## Exercise:
Your copy should repeat each record exactly and contain none of the pictures.

(Recorded data)
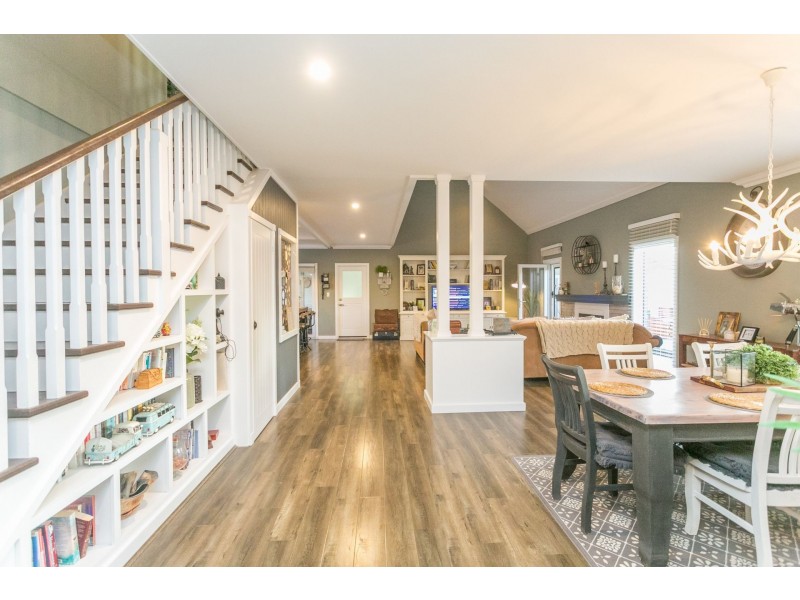 42 Portmarnock Drive, The Vines WA 6069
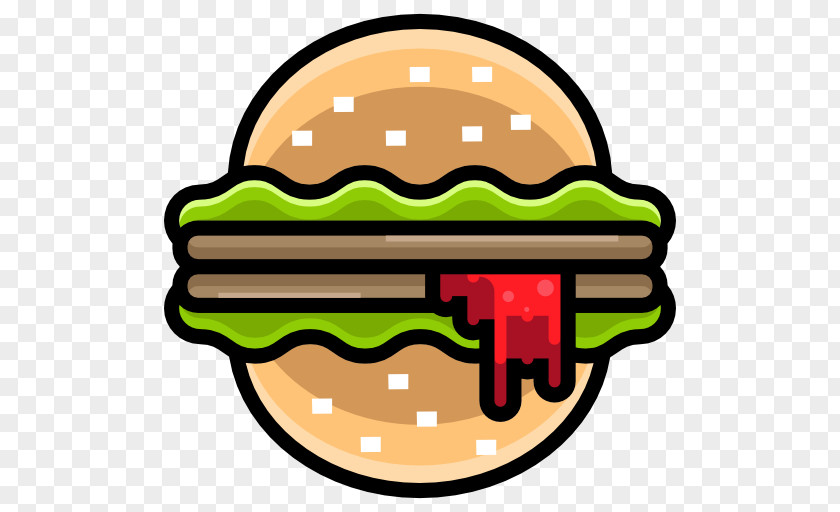 Best Burger Fast Food La Caverna Del Mastro Birraio Hamburger Panini Clip Art PNG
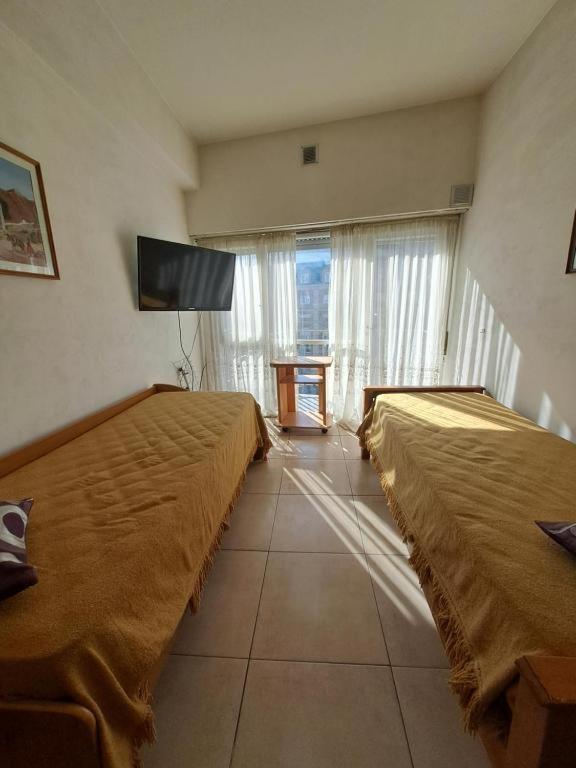 Mdp Depto Apartamento *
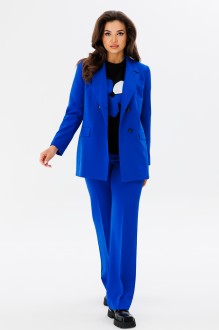 Vilena Fashion 971 двойка #1
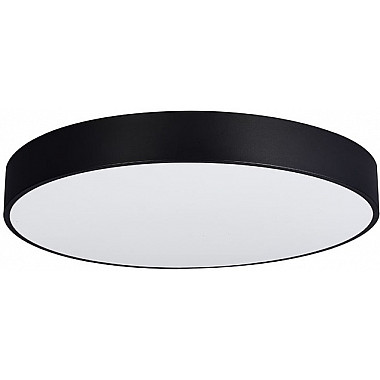 Потолочный светильник Plato C111052WN30B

## Answer area:
 42 Portmarnock Drive, The Vines WA 6069
 Best Burger Fast Food La Caverna Del Mastro Birraio Hamburger Panini Clip Art PNG
 Mdp Depto Apartamento *
 Vilena Fashion 971 двойка #1
 Потолочный светильник Plato C111052WN30B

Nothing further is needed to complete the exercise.